Banks earmark more funds for NPLs

Loan-loss provisions see 11.14% increase

Commercial banks set aside more money for rising bad loans over the first nine months in a prudent move, while more provisions are expected in the final quarter amid the anaemic economic turnaround.

The 11 SET-listed banks set aside loan-loss provisions of 60.64 billion baht as of September, rising 11.14% from the end of 2013.

Only TMB Bank and Kiatnakin Bank had lower provisions. TMB added provisions of 825.14 million baht, down 30.95% from the end of December, while Kiatnakin Bank decreased its provisions by 0.84% to 1.67 billion baht.

TMB, the country's seventh-largest lender by assets, divested 3.3 billion baht worth of its non-performing loans (NPLs) in the second quarter.

At the other end of the scale, CIMB Thai Bank (CIMBT) set aside the highest provisions in terms of percentage.

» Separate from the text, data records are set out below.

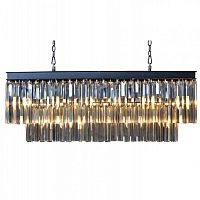 люстра odeon l80 black&glass черная, прозрачное в Нижнем Тагиле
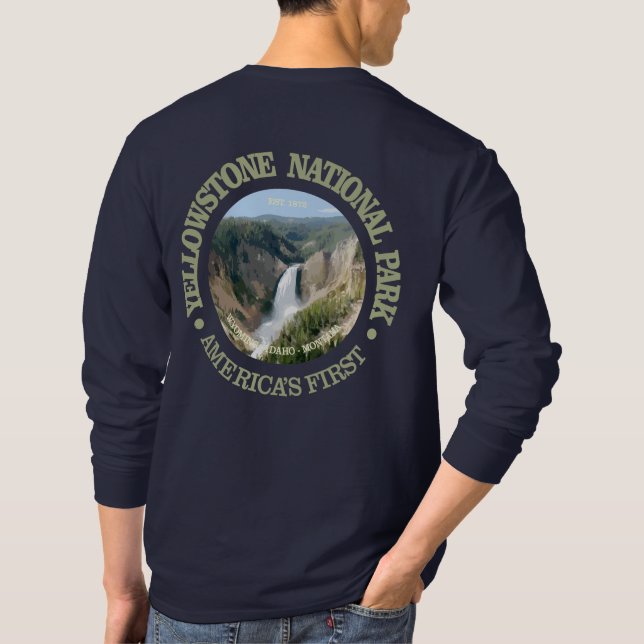 T-shirt Parc national de Yellowstone (chutes) (Dos)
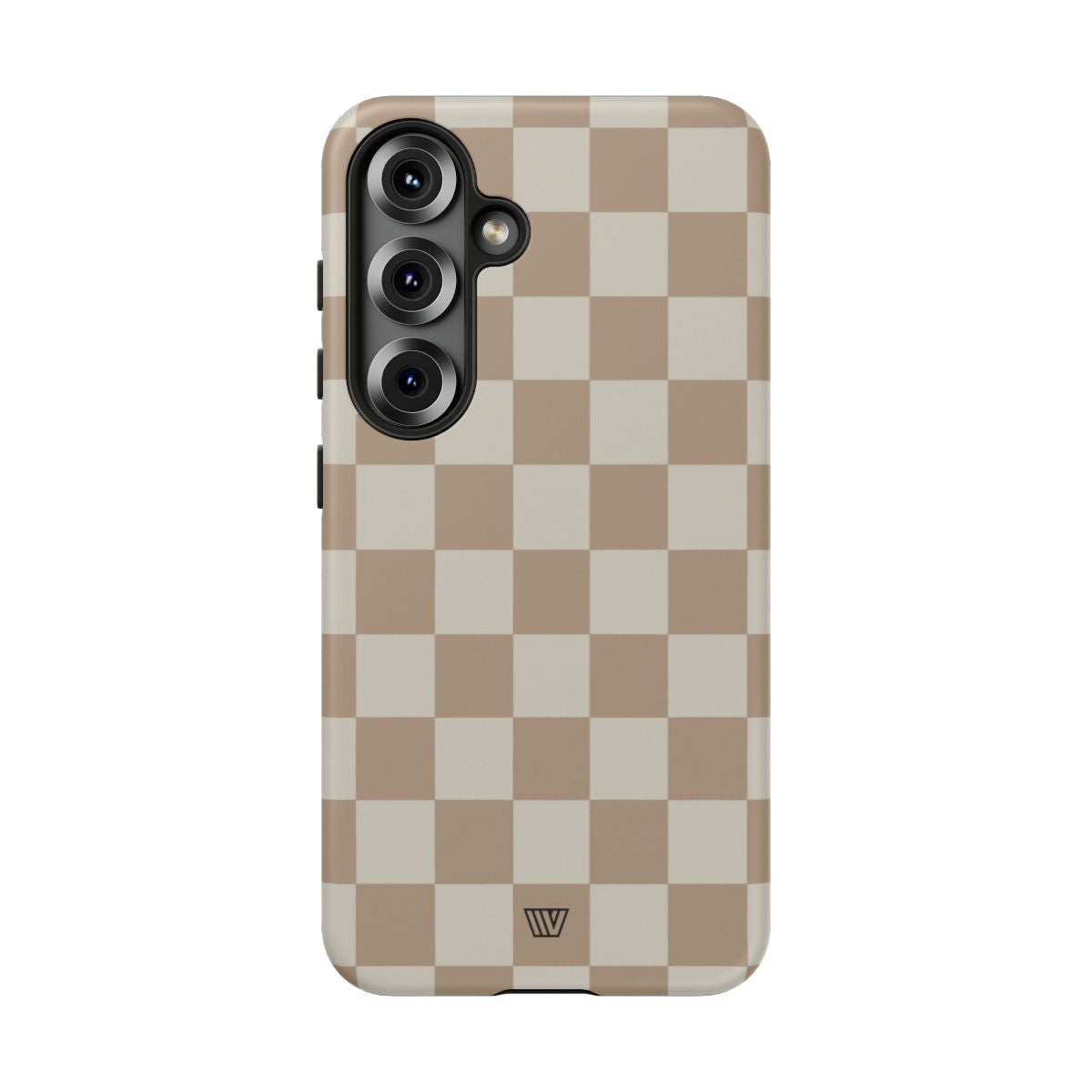 Checkerboard Tough Phone Case Dual-Layer Protection NEUTRAL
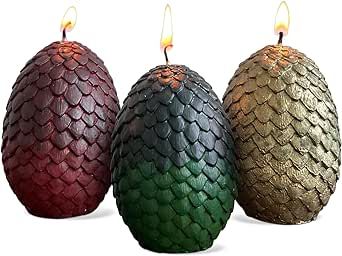 Dragon Egg Candle, Game Of Thrones Ghost, Hang From Ceiling Decor, Game Of Thrones Merchandise, Game Thrones, Dragon Candle, Game Of Thrones Gifts, Handmade Games, Candle Sets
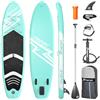 FBSPORT Tavola da SUP Gonfiabile SUP, Stand Up Paddling Board, Stand Up Paddle Board Gonfiabile per Stand Up Paddling 15CM Spessore, Surf con Alluminio Regolabile SUP Paddle + Pompa(DarkGreen)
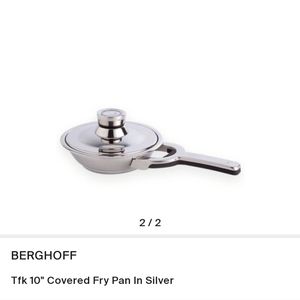 BERGHOFFTfk 10" Covered Fry Pan In Silver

It used 1.41 billion baht for bad loans, a 67.45% surge from the end of December.

Bank of Ayudhya set aside the highest amount among its industry peers at 13.23 billion baht or 8.99% up from the end of last year.

For the first nine months, commercial banks' outstanding NPLs jumped 10.66% from the end of last year to 309.09 billion baht. The ratio also rose to 3.09% of the industry's total credit from 2.7%.

Kiatnakin Bank showed the largest percentage increase in outstanding NPLs, which soared 43.94% to 10.48 billion baht, while Krungthai Bank saw the biggest rise in its NPL amount of 67.46 billion, up by 11 billion baht or 19.50%.

Narongchai Wongthanavimok, CIMBT's chief financial officer, said the bank was set to introduce additional loan-loss provisions this quarter in line with the rising NPL trend.

The bank's provisions for the full-year will certainly be higher than last year, as its provisions at the end of September of 6 billion baht had already outpaced the 5.2 billion baht at the end of last year.

CIMBT's higher bad loans largely comprised unsecured retail loans and auto hire purchase. Economic uncertainty has taken a toll on borrowers' ability to repay debts, but NPLs have stabilised over the past two months.

Mr Narongchai said the bank aimed to keep its NPL ratio at about 3% by the end of this year and may sell off its bad loans. CIMBT disposed of some NPLs in 2012 but has since managed distressed loans by itself to retain its customer base.

"Potential resumption of NPL divestment is under consideration regarding business expansion opportunities, capital savings and reserve burden reduction," he said.

Jesada Techahusdin, an analyst at Maybank Kim Eng Securities (Thailand), said banks were expected to set aside additional loan-loss provisions in the final quarter. However, bad loans are expected to be stable this quarter, while lending could improve from the previous quarter on the back of better signs of economic recovery.